[Recorded information — start]
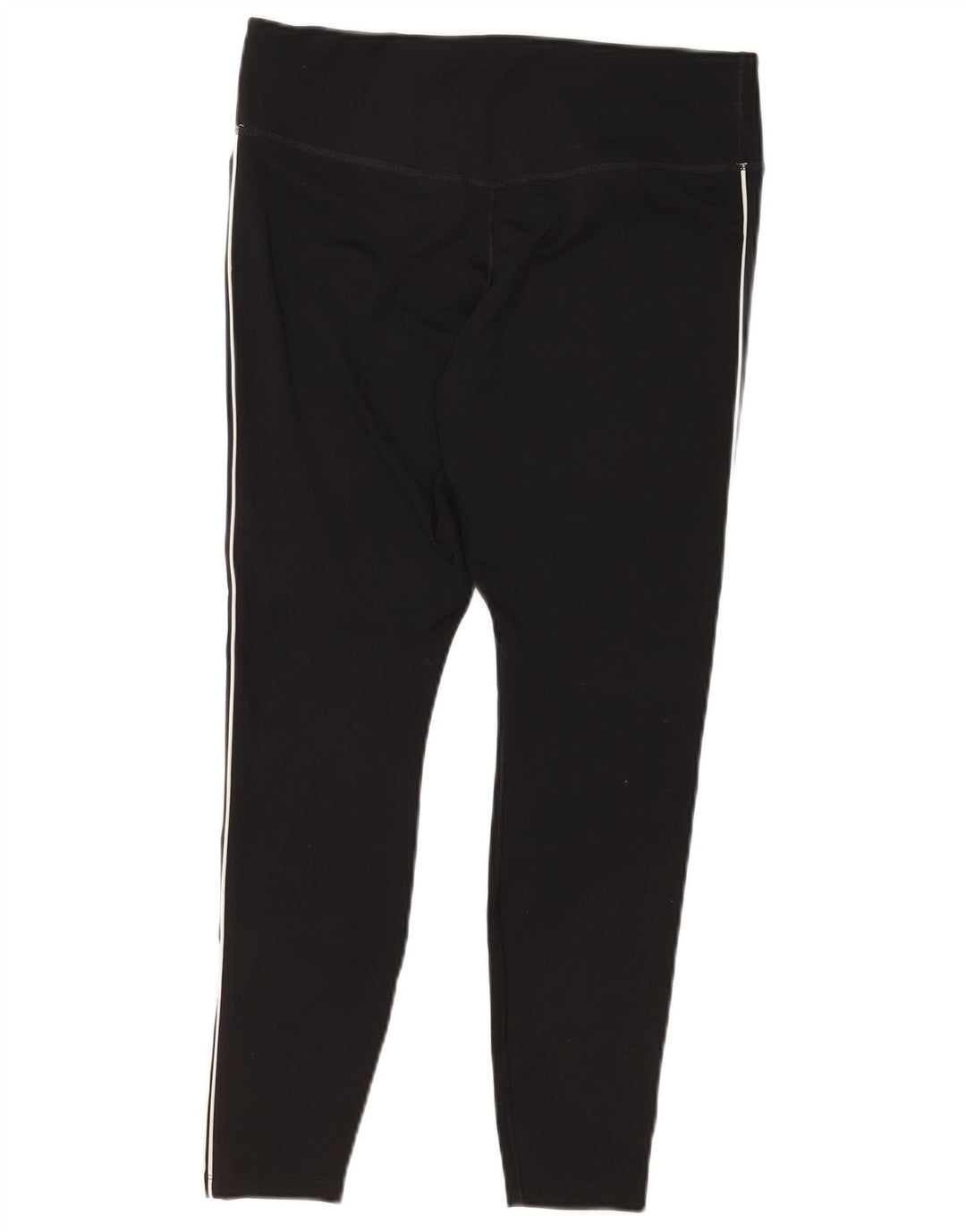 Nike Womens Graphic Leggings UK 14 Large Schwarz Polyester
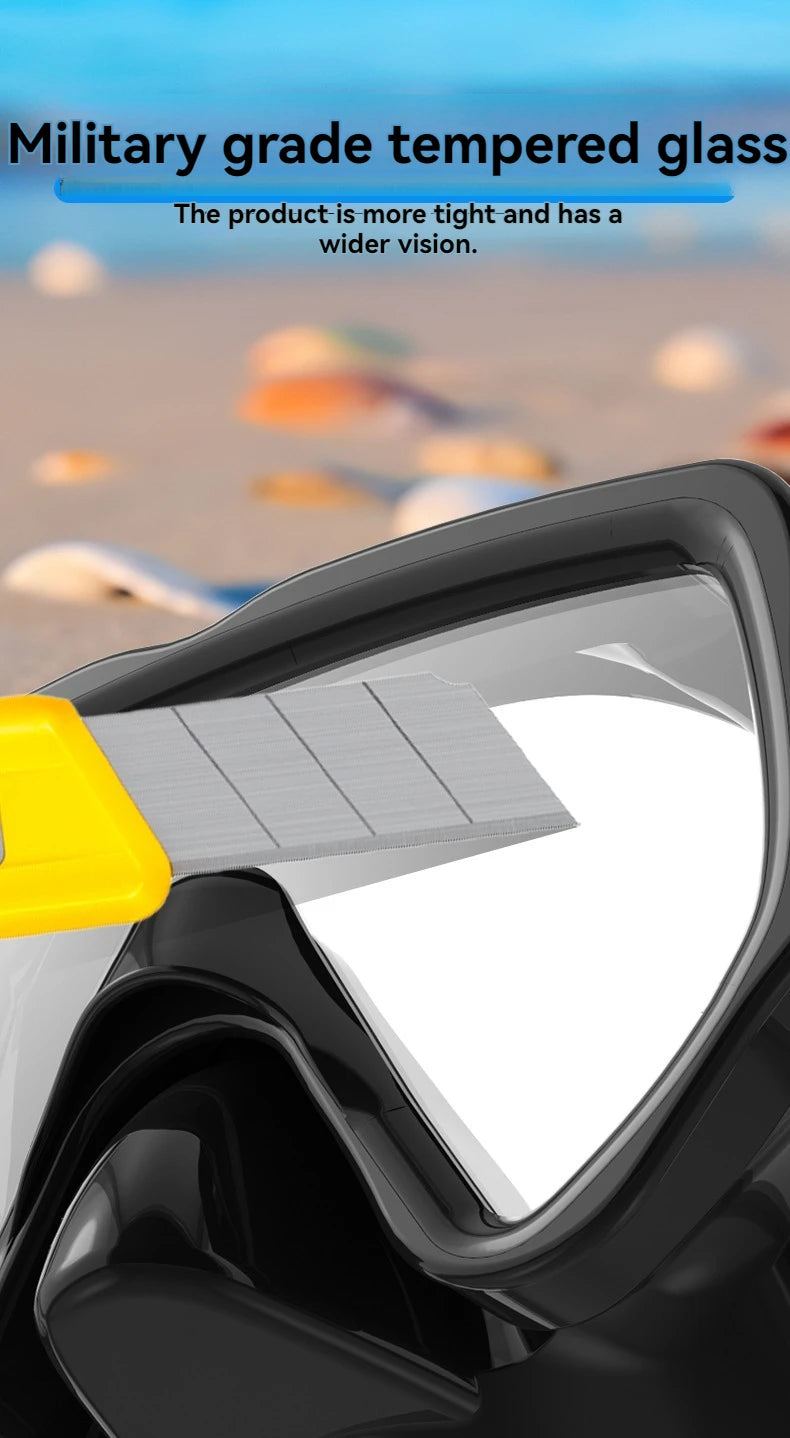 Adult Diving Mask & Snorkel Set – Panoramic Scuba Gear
[Recorded information — finish]
[Recorded information — start]
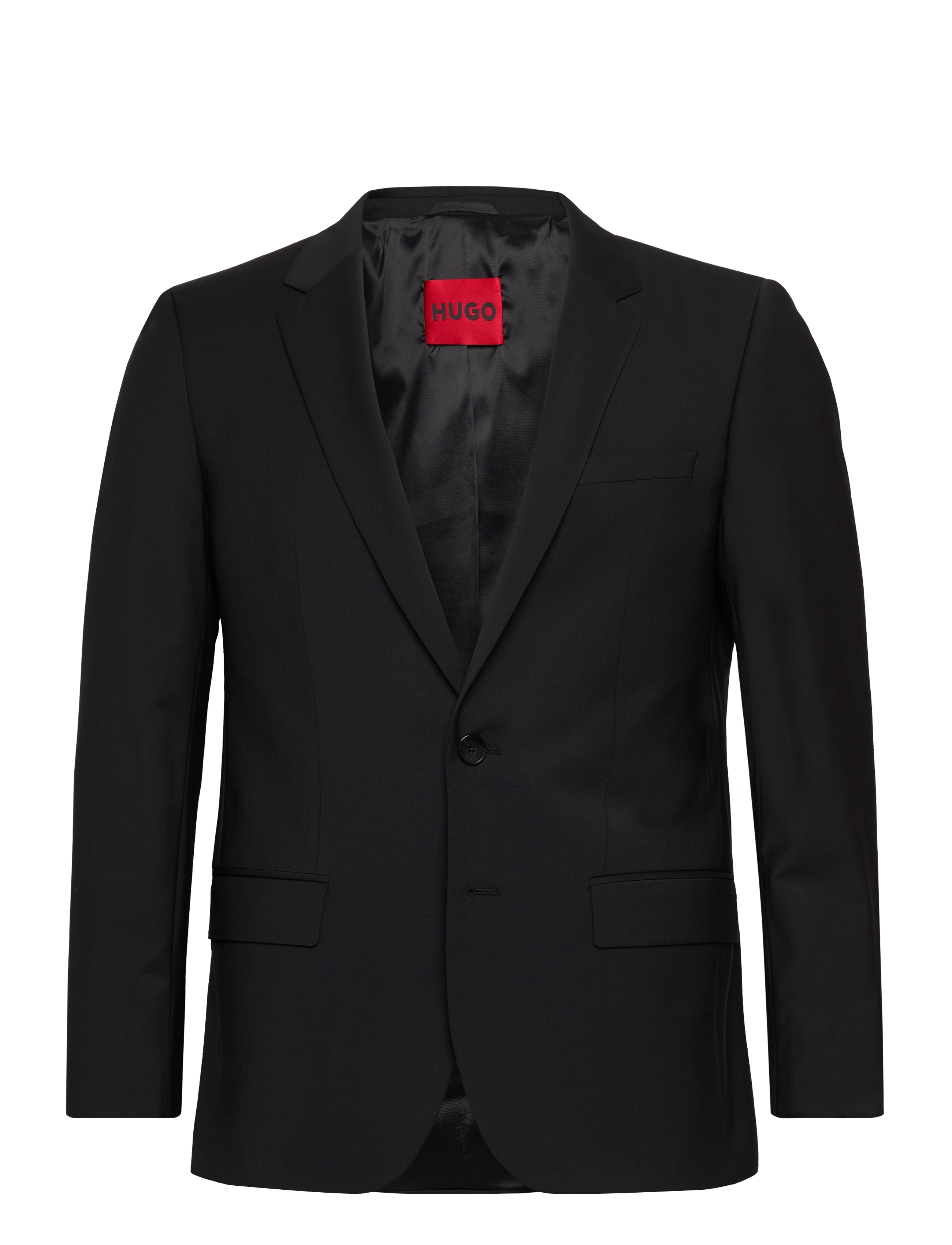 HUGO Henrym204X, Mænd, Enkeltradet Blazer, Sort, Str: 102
[Recorded information — finish]
[Recorded information — start]
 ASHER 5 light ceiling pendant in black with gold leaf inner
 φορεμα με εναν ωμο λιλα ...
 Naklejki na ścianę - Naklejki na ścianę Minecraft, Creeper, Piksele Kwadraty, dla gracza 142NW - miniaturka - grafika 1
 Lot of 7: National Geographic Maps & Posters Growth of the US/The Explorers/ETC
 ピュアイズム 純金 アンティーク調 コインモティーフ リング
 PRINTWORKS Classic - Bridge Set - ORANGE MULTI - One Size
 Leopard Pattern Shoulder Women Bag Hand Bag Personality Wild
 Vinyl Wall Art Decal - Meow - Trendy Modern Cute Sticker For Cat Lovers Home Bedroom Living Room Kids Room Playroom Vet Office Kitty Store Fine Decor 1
[Recorded information — finish]
Assignment
Starting at the line that contains "Nike Womens Graphic" and ending at the line that contains "Adult Diving Mask", transcribe the material above exactly, excluding pictures.

Output for this exercise
 Nike Womens Graphic Leggings UK 14 Large Schwarz Polyester
 Adult Diving Mask & Snorkel Set – Panoramic Scuba Gear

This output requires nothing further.